My Spanish experience was inaugurated by a ten day seminar in which 29 other students and I traveled around Spain and learned about the conquests of Judaism, Christianity, and Islam. The first four days of that was the most severely jet lagged I’ve ever felt in my whole life. I didn’t even feel like a real person. I have a severe disorder in which I can’t say no (have you ever seen Ella Enchanted?) to anything so if you can imagine my first 24 hours in Spain, I was doing a lot of stuff. Considering the fact that I didn’t sleep on the plane because it was a flying a metal tube, or the night before at home because I didn’t start packing until midnight, my body was quite angry at me. I ignored it of course because I’m young and resilient.
That afternoon we drove from Toledo to Cordova on a bus ride in which I tried to move as little as possible. That night I realized that I wasn’t going to start feeling balanced again unless I implemented some kind of change on my own. While everyone else went out to explore the night, I went to bed as early as our itinerary allowed. Most impressively, I said no. I said no to doing anything other than sleeping, really. I was so proud of myself for this because it wasn’t even that hard for me. I woke up not in pain! However I didn’t feel fully gathered. After a morning excursion, I went on a run.
That run took my body and soul, spun it around and spent it flying the opposite direction that it had just been crawling. I had been walking around Spain amongst a cluster of other Americans, looking at impossibly old structures, and I hadn’t realized it but those things simply left me unsatisfied. I felt as if I had been in a very crowded circle of people, and if I looked past all the bodies I could see little flickers of the fascinations of another country and finally, as my feet hit the pavement when I went running, I felt as if I had broken through all the bodies and found myself standing in pure sunlight. There was one moment while I was jogging through the park when a huge gust of wind flew through the otherwise sunny day and swept up the little blades of grass, then the branches on the trees, then finally my own hair. It was so strong that it was all I could hear in my ears and I closed my eyes because I knew the path was clear and strait in front of me, so it was all my senses could perceive and it was as if that single gust resorted my energy in full all at once.
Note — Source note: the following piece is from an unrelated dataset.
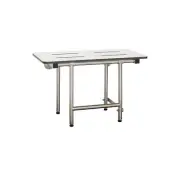 Fold Down Shower Seats Phenolic Solid Top With Legs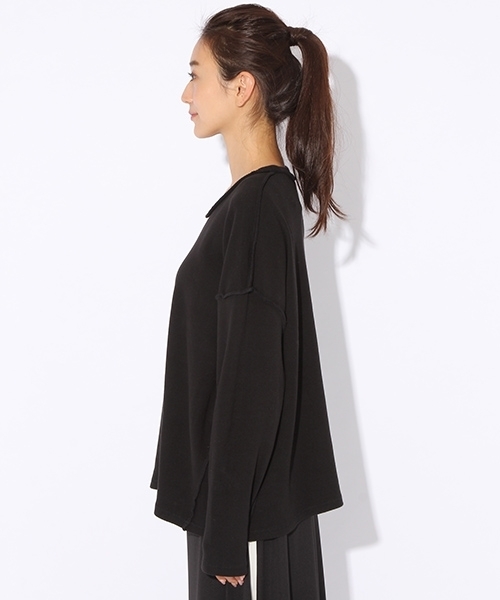 niko and...（ニコアンド）の「起毛フライスロング丈プルオーバー【niko and ...】（Tシャツ/カットソー・レディース・キャメル/ブラック/オフホワイト・LARGE/MEDIUM）」の11枚目の写真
And after that, everything changed.
We went to a castle high up on the hill the next day in Cordova. While the other students made their way up slowly, I skipped. I had time to get pictures of the town below.
The castle was like a jungle gym to me. There were so many walk ways and stair ways and I explored them all.
“Where have you been?” one of my friends asked when I encountered a group of them mid-sprint through the hall.
“I went into the dungeon! If you keep going through the downhill hallways, you’ll find a weird looking trap door, then its down a few flights of spiral staircases!” I replied in excited and out of breath detail.
“I don’t think I can make it that far,” one girl jokes, “Mia likes exploring.”
When I got back I realized everyone else had mostly been sitting down in a comfortable spot in the shade and hadn’t gone into the deeper parts of the castle that had enchanted my imagination so much.
I do like exploring, I thought.
The third city we visited, Granada, was by far my favorite. It was a modern, busy city with great shopping surrounded by history. All the while there were beautiful forests at each turn you didn’t expect. I went running there, too. I had originally went running with the intention of making it all the way to the city to buy a bathing suit (which I forgot to bring) for the hotel pool. However I went the wrong way and if I didn’t turn back I would have been late to our class session and God forbid I miss a two hour lecture in the small convention room of the hotel. Depending on how you define success, I was and wasn’t successful. I didn’t get a bathing suit or even make it to the city but I did find this view. So you tell me.